A ship 1 can thus be equipped with one or more wing (s) 2 of single propulsion (s) (as shown in Figures 1 to 4), one or more wing (s) 2 double propulsion (s). or triple (s) (as shown in Figures 7 and 8) or a combination of wings 2 single and double or triple. Finally, a wing 2 can be used on ships 1 of different tonnages or types, only its dimensions will be adapted to the size of the ship 1 on which the wing will be mounted.

Among the advantages provided by the propulsion wing 2 presented above, there may be mentioned: the storage of the wing 9 in the box 27 of the lower spar 7, allowing easy circulation around the wing 2 propulsion without risk of tripping on wing 9;

the adaptation of the wind-blown wing surface 9 as a function of the meteorological conditions and / or of the propulsion requirement, the wing 9 being able to adopt different positions;

improving the stability of the ship 1, the wing 2 comprising only very few heavy elements in its upper part, and

- The ease of use, winding or unwinding control of the sail being coupled to the movement control of the support 19 wing.

Claims

A propulsion wing (2) of a ship (1), comprising a mast (5) defining a leading edge (6), a lower spar (7), an upper spar (8) and a wing (9). ) that can be deployed between a high position, in which the wing extends between the lower spar (7) and the upper spar (8), and a lower position, in which the wing (9) is gathered in the vicinity of the spar (7) lower, characterized in that the propulsion wing (2) comprises a nose (10) defining a trailing edge (11), the wing (9) then extending between the mast (5) and the nose (10), and a system (12) for winding the wing (9), housed in the spar (7) lower so as to wind the wing (9) in its lower position.

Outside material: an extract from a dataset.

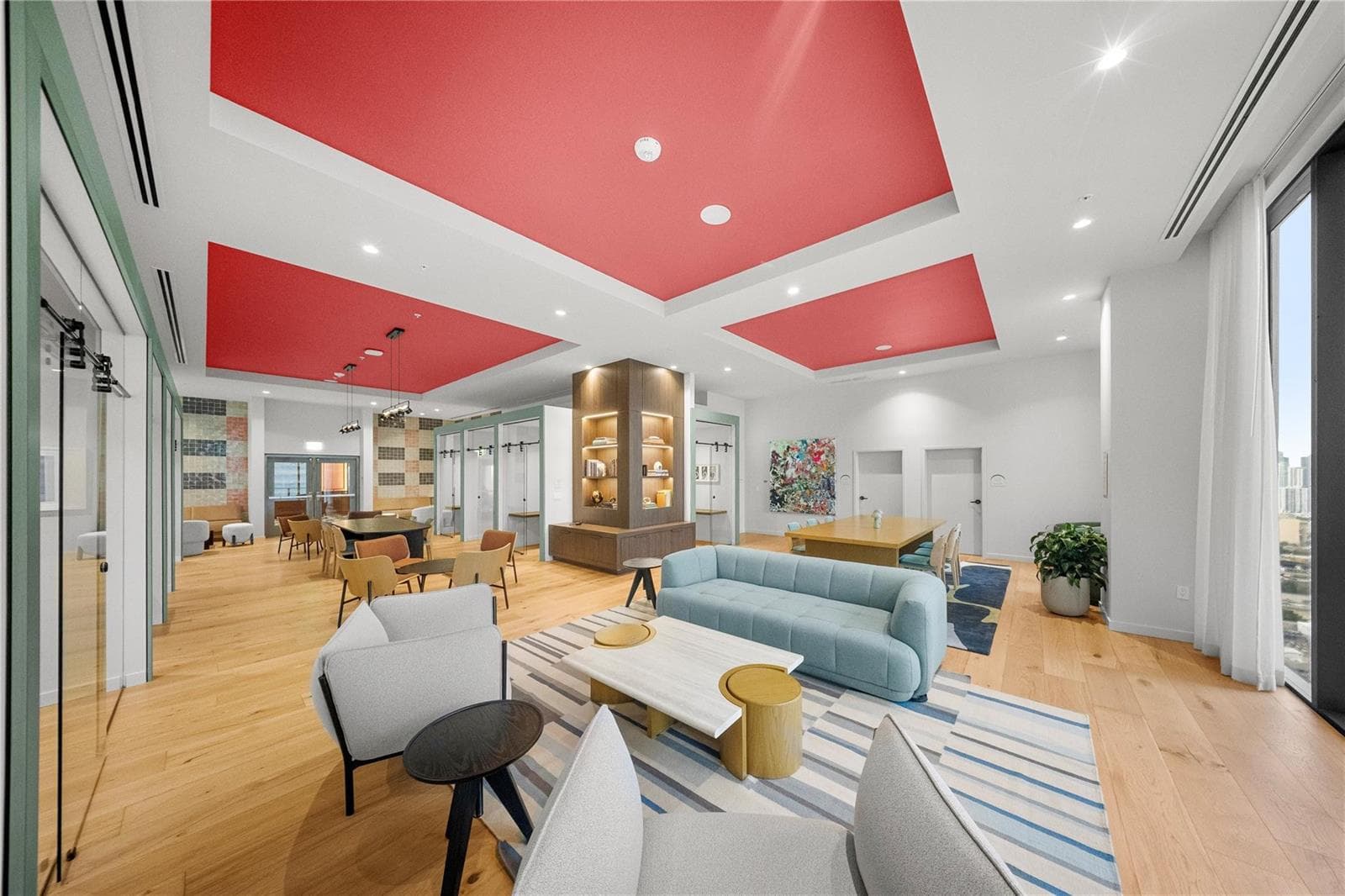 11 NE 6th Street # 907, Miami FL 33132 — 48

2. Wing (2) according to claim 1 characterized in that it comprises a beam (15) of reinforcement extending between the spar (8) and the upper spar (7) lower.

3. Wing (2) according to claim 2, characterized in that the beam (15) reinforcing comprises a slide (17) extending between the spar (8) and the upper espar (7) lower.

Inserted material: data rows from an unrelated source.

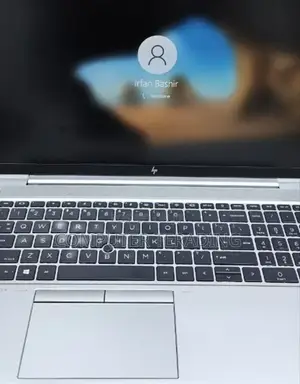 New Laptop HP EliteBook 850 G8 16GB Intel Core I7 SSD 512GB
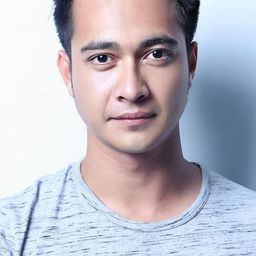 Eza Gionino 飾演 Lando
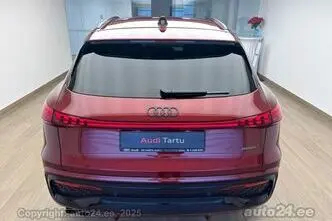 Audi Q5, 2.0, 150 kW, гибрид, автомат, полный привод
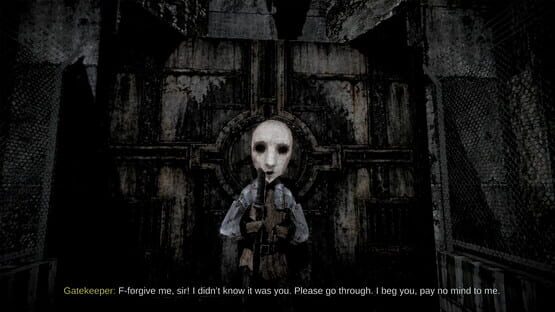Fedanheim screenshot 5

4. Wing (2) according to any one of the preceding claims, characterized in that the wing (9) comprises a support (19) of wing (9) defining a plane (21) lower, able to bear against a upper surface (26) of the lower spar (7) in the lower position of the wing (9), and an upper plane (20) capable of coming into contact with a lower surface (25) of the spar (8). ) upper in the upper position of the wing (9).

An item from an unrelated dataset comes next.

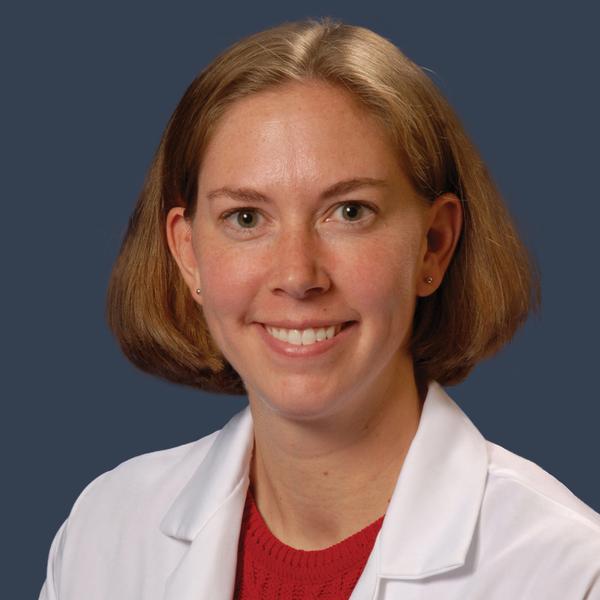 Kari Ellen Kindschi, MD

5. Wing (2) according to claim 4, characterized in that the support (19) of wing (9) comprises an opening (22), wherein the beam (15) is received, and at least one finger (23) adapted to cooperate with the slide (17) of the beam (15) of reinforcement.

6. Wing (2) according to claim 4 or claim 5, characterized in that the wing (9) comprises two flaps (18) connected to each other by the support (19) wing (9).

7. Wing (2) according to any one of the preceding claims, characterized in that the spar (7) below comprises a box (27) in which is housed the system (12) winding of the wing (9) .

8. Wing (2) according to any one of claims 4 to 7, characterized in that the wing (2) comprises reinforcing bars (16) extending between the mast (5) and the nose (10). ) of the wing, and the support (19) of wing (9) comprises a groove (24) through which the bars (16) of reinforcement pass through the support (19) of wing (9) when the wing (9) is moved from one position to another.

9. Wing (2) according to any one of the preceding claims, characterized in that the wing (2) comprises a main wing (2) and a wing (2) secondary connected to the main wing (2) by means an upper arm (31) and a lower arm (32), the secondary wing (2) being orientable relative to the main wing (2).

10. Ship (1) equipped with a wing (2) for propulsion according to any one of the preceding claims.